Problem description:
Without any of the pictures, transcribe all the lines below exactly.

=== Begin Enclosure ===

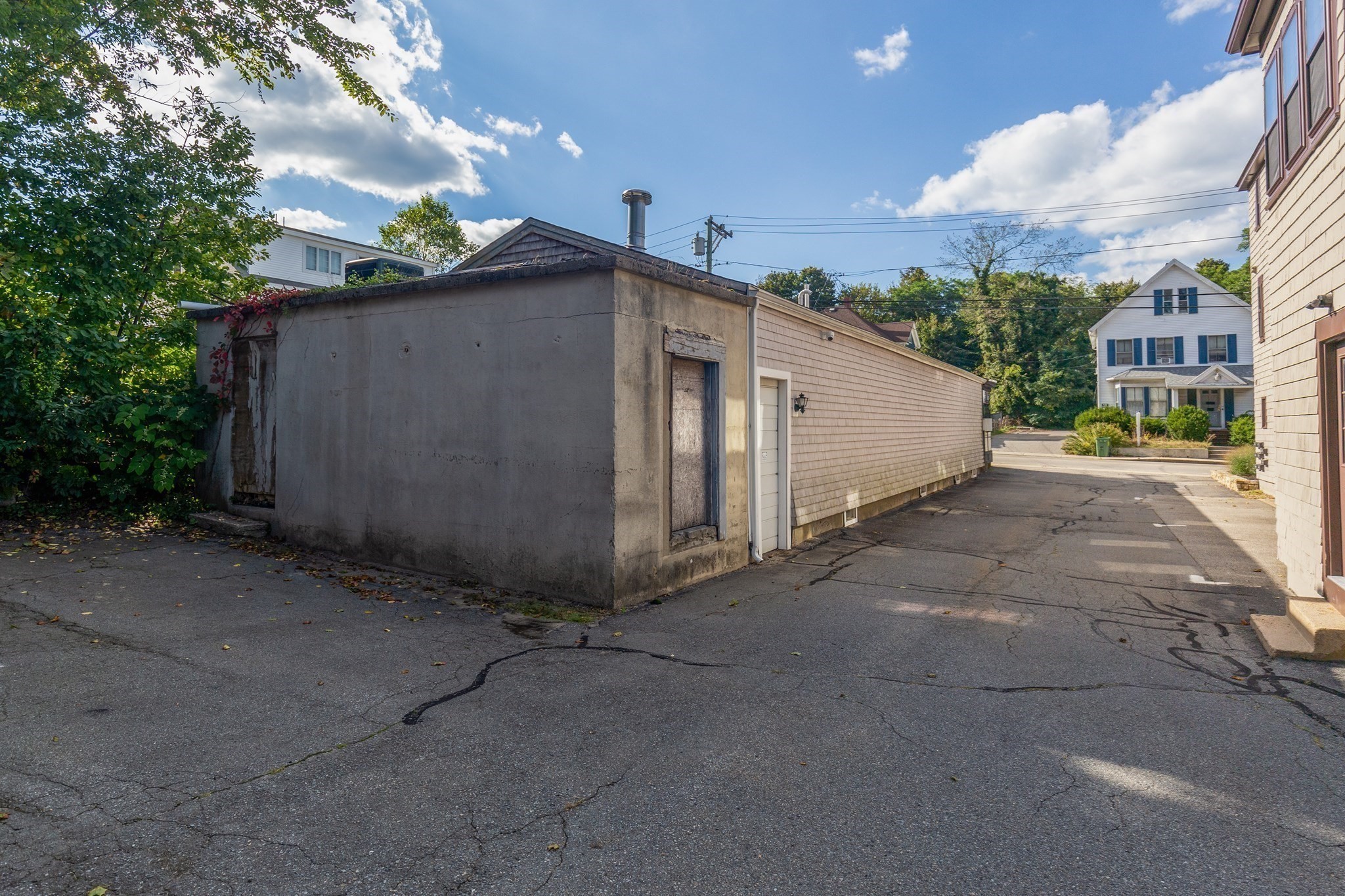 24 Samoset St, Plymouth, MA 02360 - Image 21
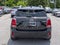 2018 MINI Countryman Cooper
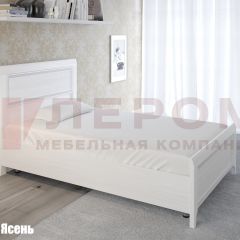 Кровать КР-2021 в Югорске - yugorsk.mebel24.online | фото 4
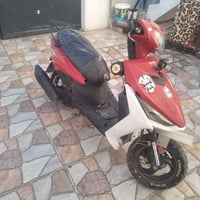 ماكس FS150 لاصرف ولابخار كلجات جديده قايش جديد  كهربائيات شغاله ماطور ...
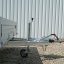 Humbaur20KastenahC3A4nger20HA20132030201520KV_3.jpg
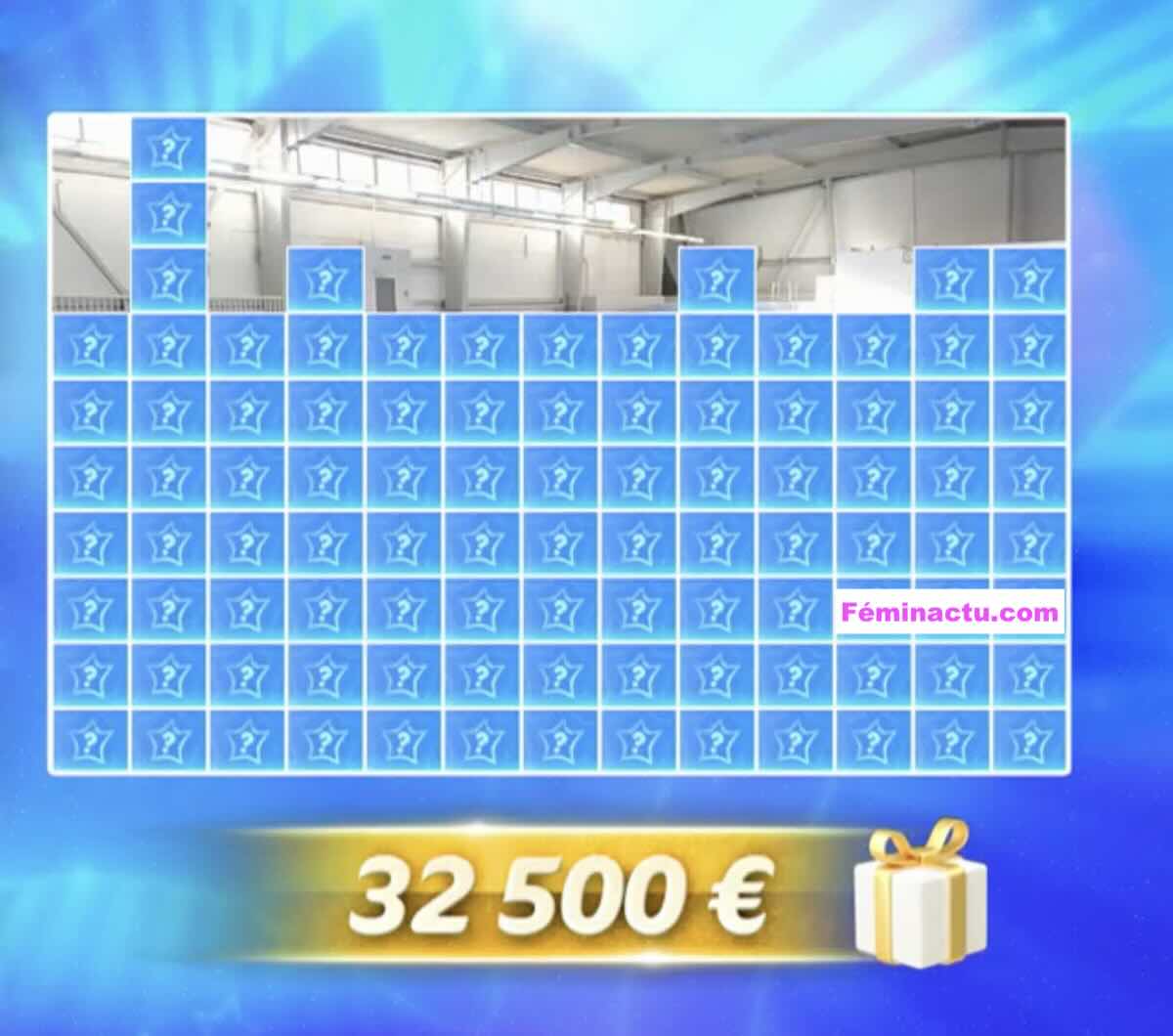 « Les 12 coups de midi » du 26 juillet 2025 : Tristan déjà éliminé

=== End Enclosure ===

Answer area:
 24 Samoset St, Plymouth, MA 02360 - Image 21
 2018 MINI Countryman Cooper
 Кровать КР-2021 в Югорске - yugorsk.mebel24.online | фото 4
 ماكس FS150 لاصرف ولابخار كلجات جديده قايش جديد  كهربائيات شغاله ماطور ...
 Humbaur20KastenahC3A4nger20HA20132030201520KV_3.jpg
 « Les 12 coups de midi » du 26 juillet 2025 : Tristan déjà éliminé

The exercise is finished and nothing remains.